Rep. Ellison Urges Reform of the Mortgage Interest Deduction during Hearing on Tax Policy

Representative Keith Ellison (D-MN) urged reform of the mortgage interest deduction (MID) and described his “Common Sense Housing Investment Act” (H.R. 1662) during a House Ways and Means Tax Policy Subcommittee hearing on tax reform. H.R. 1662 includes the essential elements of NLIHC’s United for Homes campaign to make modest reforms to the mortgage interest deduction and direct the resulting savings to affordable housing.

Mr. Ellison explained that reforms to the MID included in H.R. 1662 would benefit more than 16 million homeowners who currently do not itemize on their taxes. These reforms would generate savings of more than $200 billion over ten years for affordable housing programs, including the national Housing Trust Fund, to build tens of thousands of new homes for families of modest means.
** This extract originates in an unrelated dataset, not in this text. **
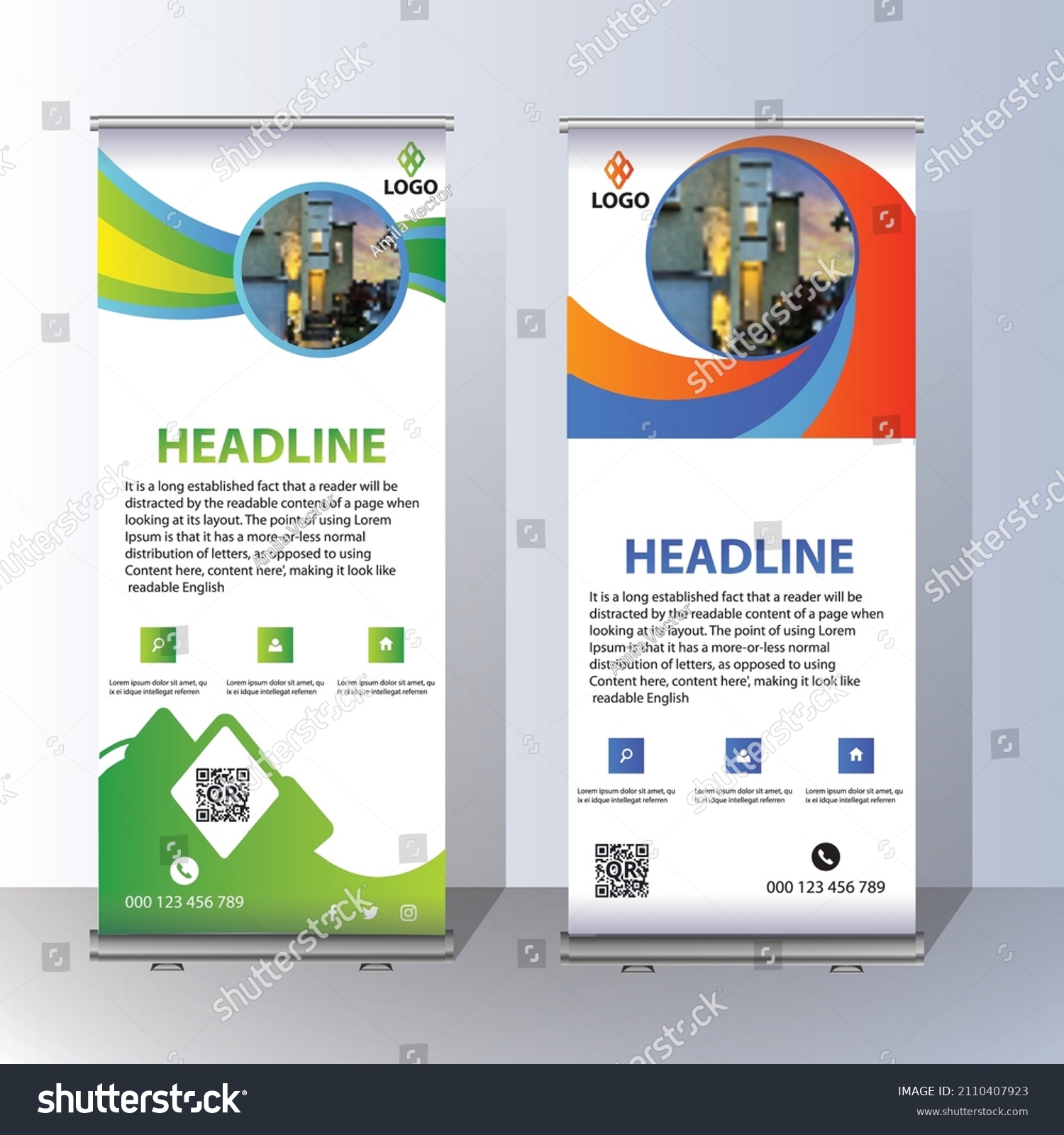 Roll Banner Design Vector Stock Vector (Royalty Free) 2110407923 ...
Mr. Ellison stated, “Yesterday, nearly three dozen realtors stopped by my office to urge me not to make any changes to the $70 billion a year mortgage interest deduction. And these are my friends and I appreciate them a lot. But as much as I want to see things the way my friends do in the realtor community, I cannot ignore the pressing housing needs of Americans and the current problems the mortgage interest deduction causes. The status quo means giving significant tax breaks to families that earn more than $100,000 a year while giving little benefits either in homeownership or rental housing to people with lesser income. That’s why I introduced the Common Sense Housing Investment Act.”